Tout avait été installé, jusqu'aux chaises, pour permettre aux spectateurs d'assister à la performance de l'orchestre symphonique de Téhéran. Invités à une compétition internationale de lutte, les musiciens devaient jouer l'hymne national iranien. Mais la prestation de l'orchestre symphonique a été annulée au dernier moment parce qu'il comprenait des femmes.
"Tout d'un coup, ils ont annoncé que les femmes ne pouvaient pas joué sur scène", a déclaré, amer, le chef d'orcheste Ali Rahbari à l'agence de presse Isna. "J'étais choqué, et ai répondu qu'il m'était impossible d'accepter une telle insulte (...) on joue tous ensemble, ou on part. (...) Pourquoi (les femmes) ne seraient-elles pas autorisées à jouer l'hymne national de leur propre pays ?", a-t-il ajouté.
C'est la première fois depuis sa création en 1937 que l'orchestre symphonique de Téhéran est interdit de jouer par les autorités religieuses parce qu'il comprend des femmes parmi ses musiciens même si depuis la révolution islamique de 1979, aucune femme chanteuse ou musicienne n'est autorisée à se produire seule sur scène.
Toutefois, rapporte Isna, l'orchestre iranien a vu ces derniers mois plusieurs de ces concerts annulés sans explication et alors qu'il jouissait d'une autorisation officielle. Selon l'agence, ces annulations sont perçues par de nombreux Iraniens comme une manoeuvre de la part des autorités ultra-conservatrices du pays de faire pression sur le président modéré Hassan Rohani suite à l'accord passé avec les Etats-Unis sur le programme nucléaire iranien.

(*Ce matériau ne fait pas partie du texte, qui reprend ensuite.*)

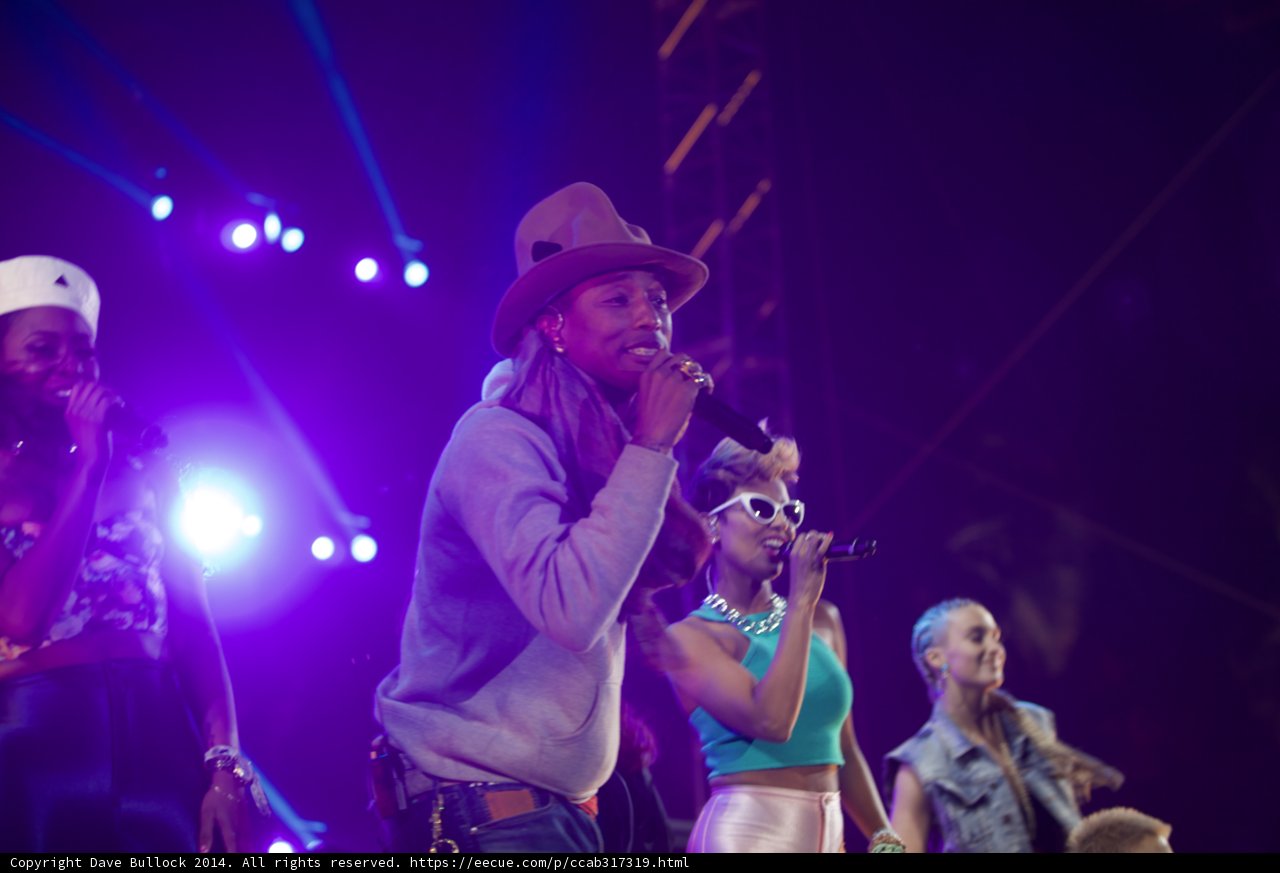 Pharrell Williams Takes Coachella by Storm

Depuis le mois de juillet, mois au cours duquel l'accord entre les deux puissances a été conclu, l'Ayatollah Ali Khamenei n'a cessé de mettre en garde contre les risque "d'infiltration" de la culture américaine dans la société iranienne.

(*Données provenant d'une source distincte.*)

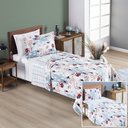 Ver imagem 1 de Kit Colcha + Jogo de Cama Bouti Kids Solteiro Infantil 5 Peças 100% Poliéster - Bombeiro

C'est loin d'être la première fois que les autorités religieuses du pays s'opposent si ouvertement aux femmes issues du monde de la culture. Fin octobre, ce sont les comédiennes Chakameh Chamanmah et Sadaf Tahérian qui ont été interdites d'écran par le ministère de la Culture et de l'Orientation islamique pour avoir posé tête nue sur les réseaux sociaux. "L'acte de ces deux actrices témoigne d'un manque d'affection chez elles et de leur caractère faible. Selon nos règles, ces personnes-là ne peuvent plus travailler officiellement. Nous ne les considérons plus comme des artistes", avait alors déclaré le porte-parole du ministère Hossein Noushabadi.